(Your objective): Please repeat exactly the lines from the one containing "Multi Functional Wall" through the last line of the records below, leaving out any pictures.

___ Input for this task

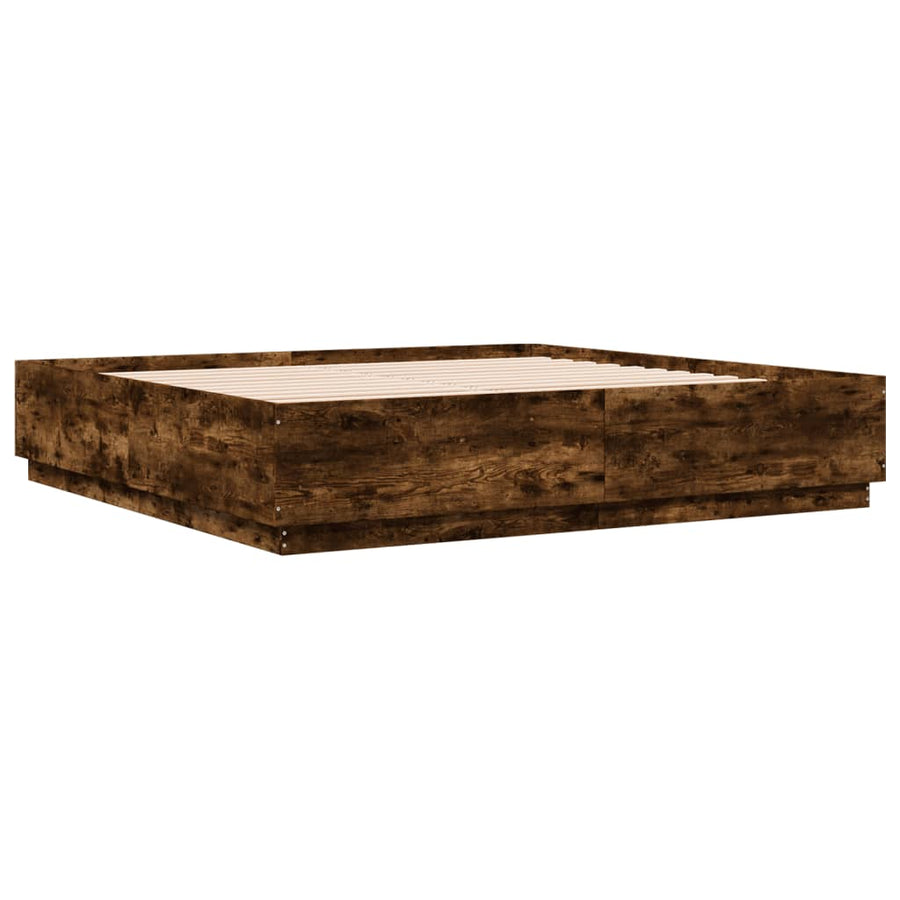 Bedframe Met Led-Verlichting Gerookt Eikenkleurig 200X200 Cm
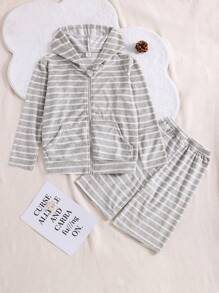 Tween Boys' Simple Light Grey Striped Shorts And Long Sleeve Hooded Zipper Top Casual Two-Piece Homewear Set - Light Grey - View 1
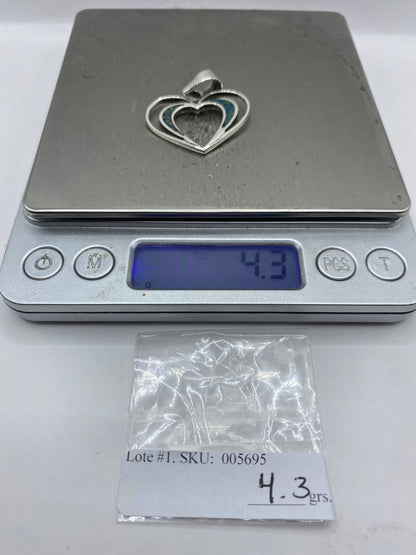 Dije Corazón Doble en Plata .950 con Ópalo de Fuego — foto 5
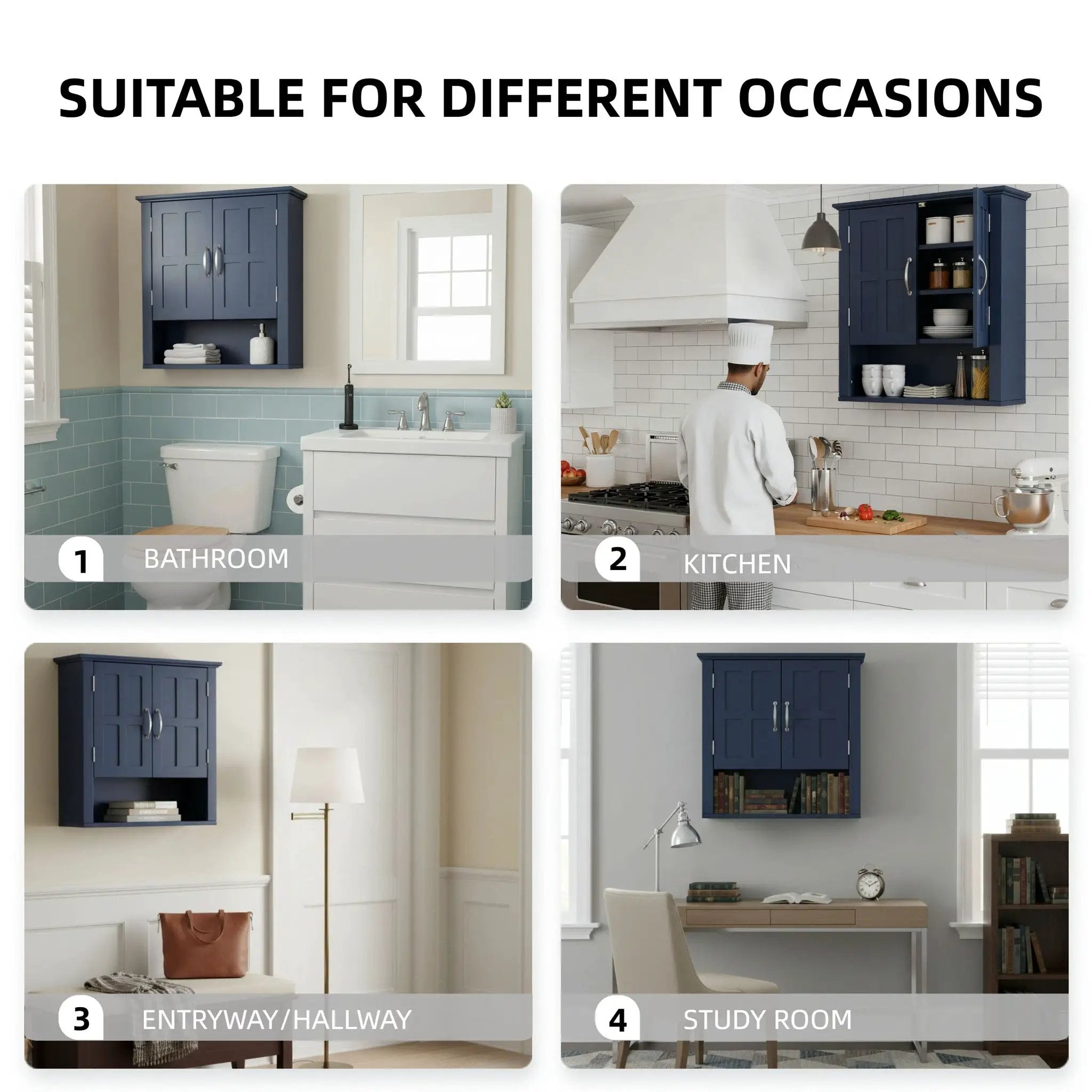 Multi Functional Wall Mounted Cabinet With Adjustable Shelves For Bathroom by HouseOfZazla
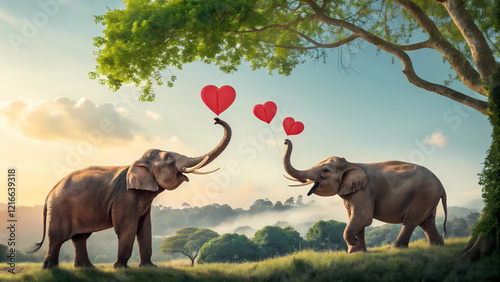This image portrays a heartwarming and whimsical scene of two elephants in a natural landscape, expressing their affection through heart-shaped balloons.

______

(Result for this exercise):
 Multi Functional Wall Mounted Cabinet With Adjustable Shelves For Bathroom by HouseOfZazla
This image portrays a heartwarming and whimsical scene of two elephants in a natural landscape, expressing their affection through heart-shaped balloons.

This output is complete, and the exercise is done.